** Task to complete **
Using the data below, set down every line from the one containing "Bright kitchen featuring" through the one containing "Fototapeta na wymiar", inclusive and unchanged. Pictures are to be skipped.

** Given records **
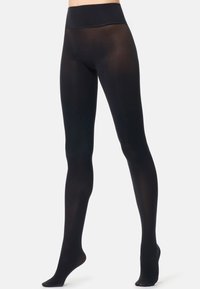 Collant neri opachi con vita alta. Texture liscia e setosa; lunghi fino alla caviglia senza motivi o dettagli. Adatti a vari outfit.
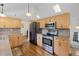 Bright kitchen featuring stainless steel appliances, granite countertops, and wood cabinetry at 11035 E Berry Ave, Englewood, CO 80111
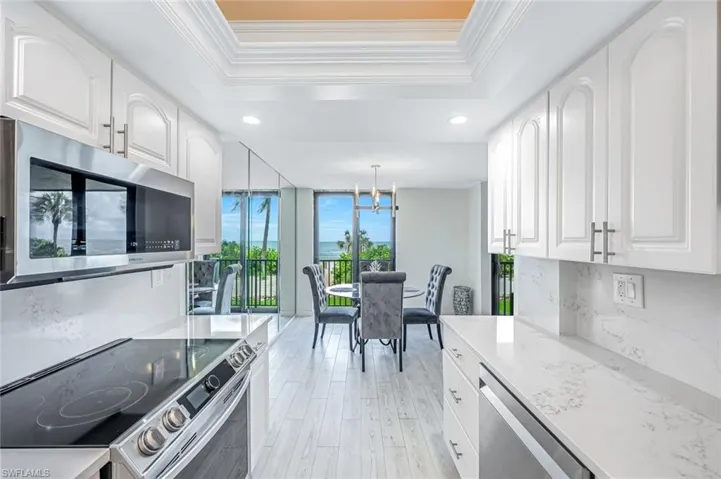 Kitchen featuring a raised ceiling, appliances with stainless steel finishes, white cabinets, ornamental molding, and recessed lighting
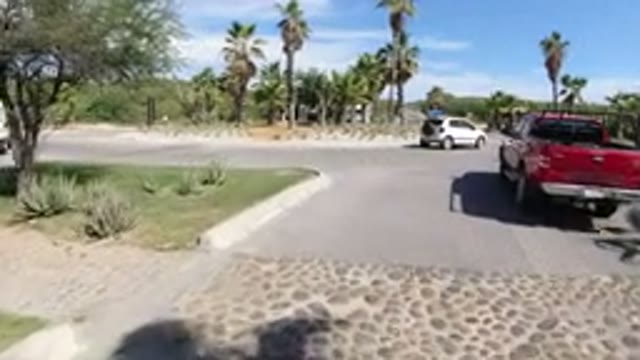 LOS CABOS MEXICO-2019: Wrangler Driving Around A Roundabout On A Sunny Day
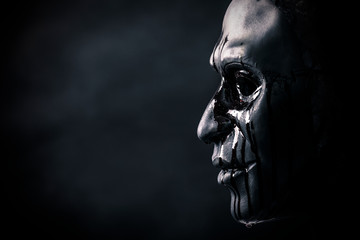 Fototapeta na wymiar Scary figure with creepy bloody mask in the dark
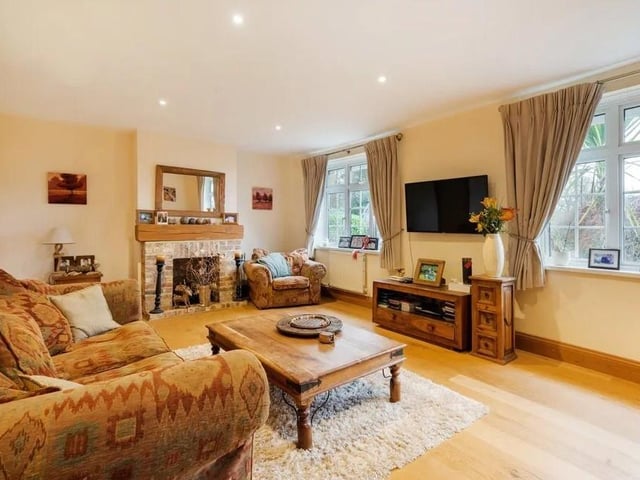 The sitting room has views over the gardens and a brick open fireplace. Picture: Savills - Haywards Heath.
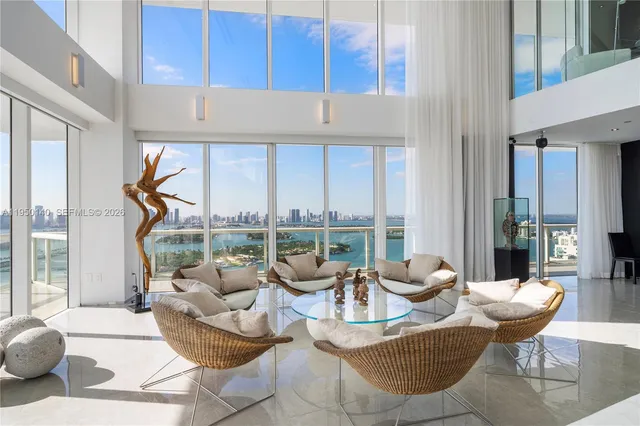 a living room with fireplace furniture and floor to ceiling window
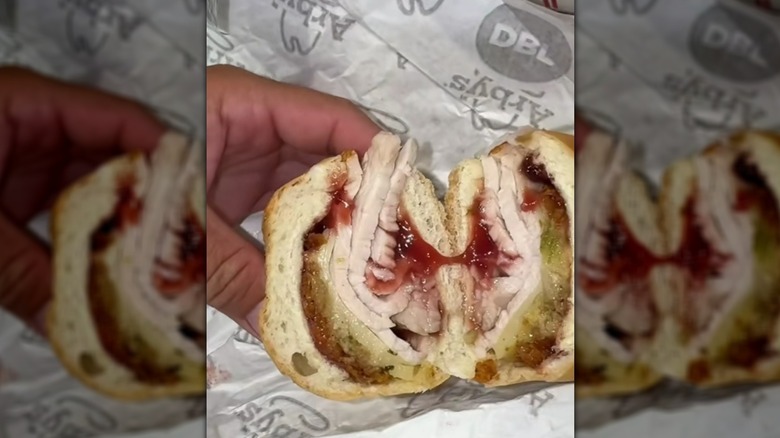 Hand holding halved deep-fried turkey sandwich from Arby's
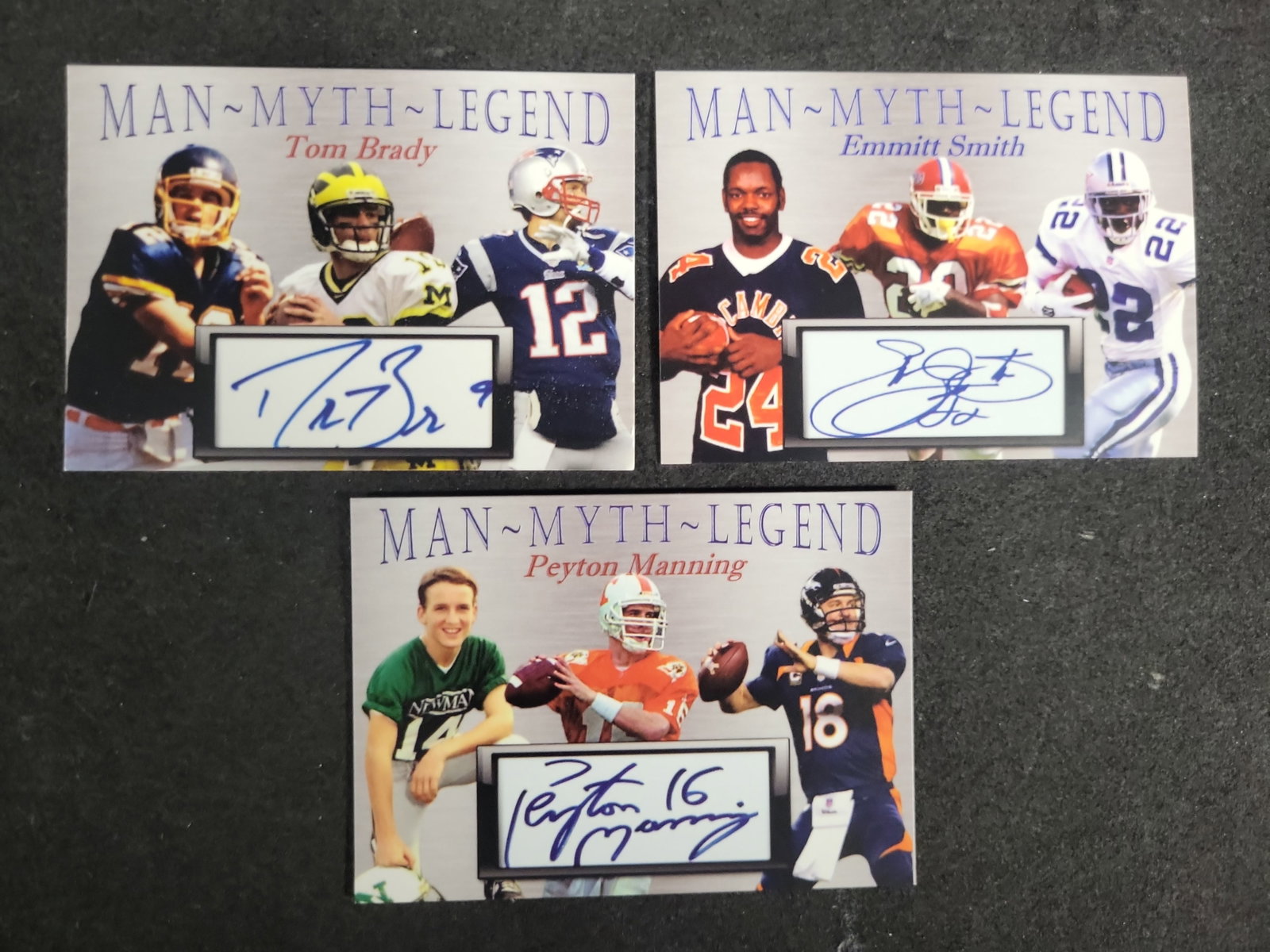 I03593 | A Trio of Man-Myth-Legend Football Cards Featuring Facsimile Cut Autographs of Tom Brady: BID PER WHAT YOU SEE IN THE PHOTO, NOT THE AI GENERATED TITLES AND DESCRIPTIONS! A Trio of Man-Myth-Legend Football Cards Featuring Facsimile Cut Autographs of Tom Brady Emmitt Smith and Peyton Mannin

** Reply **
 Bright kitchen featuring stainless steel appliances, granite countertops, and wood cabinetry at 11035 E Berry Ave, Englewood, CO 80111
 Kitchen featuring a raised ceiling, appliances with stainless steel finishes, white cabinets, ornamental molding, and recessed lighting
 LOS CABOS MEXICO-2019: Wrangler Driving Around A Roundabout On A Sunny Day
 Fototapeta na wymiar Scary figure with creepy bloody mask in the dark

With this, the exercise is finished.